The data -
-*-*-

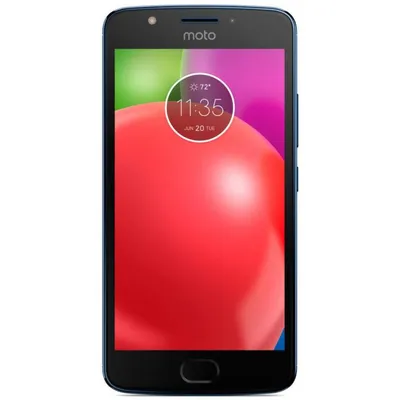 Мобильный телефон Motorola Moto E (XT1762) Oxford Blue (PA750032UA) 2 SIM,  моноблок, 5.0', IPS, HD (1280х720), 1.3 GHz, 16 Gb, microSD (TransFlash),  до 128 Gb, 8, Bluetooth, WI-FI, Android OS, v7.1 (Nougat)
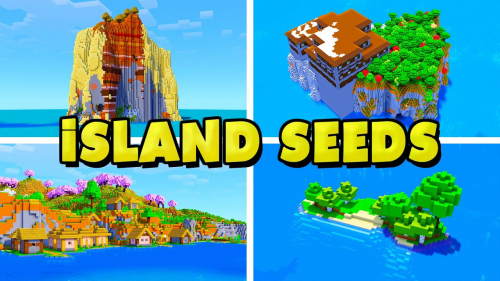 20 Survival Island Seeds For Minecraft (1.20.6, 1.20.1) – Java/Bedrock Edition Thumbnail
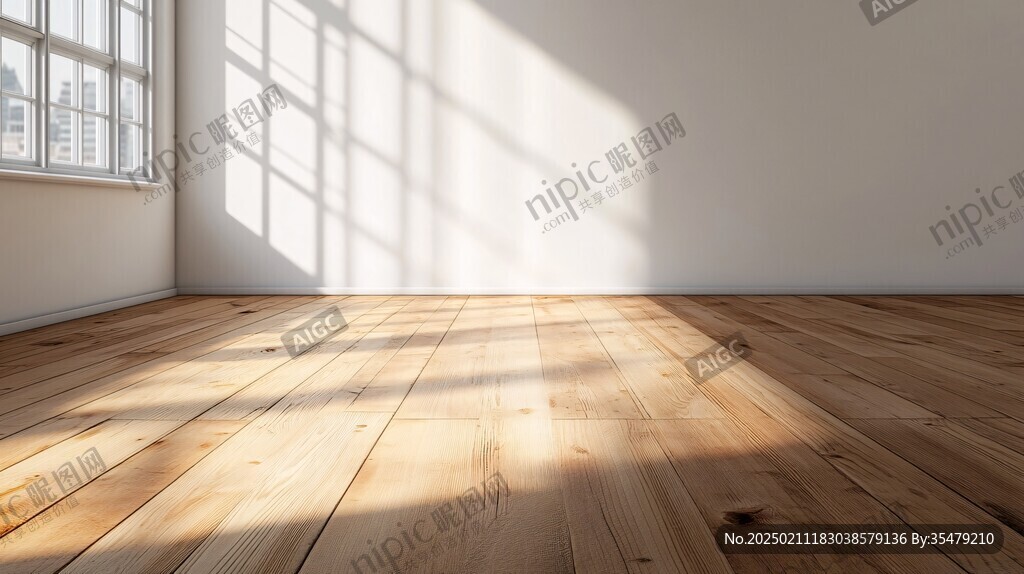 阳光照进室内背景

-*-*-

The reply should hold every line of the material above, unchanged, and no pictures.

Exercise response -
 Мобильный телефон Motorola Moto E (XT1762) Oxford Blue (PA750032UA) 2 SIM,  моноблок, 5.0', IPS, HD (1280х720), 1.3 GHz, 16 Gb, microSD (TransFlash),  до 128 Gb, 8, Bluetooth, WI-FI, Android OS, v7.1 (Nougat)
 20 Survival Island Seeds For Minecraft (1.20.6, 1.20.1) – Java/Bedrock Edition Thumbnail
 阳光照进室内背景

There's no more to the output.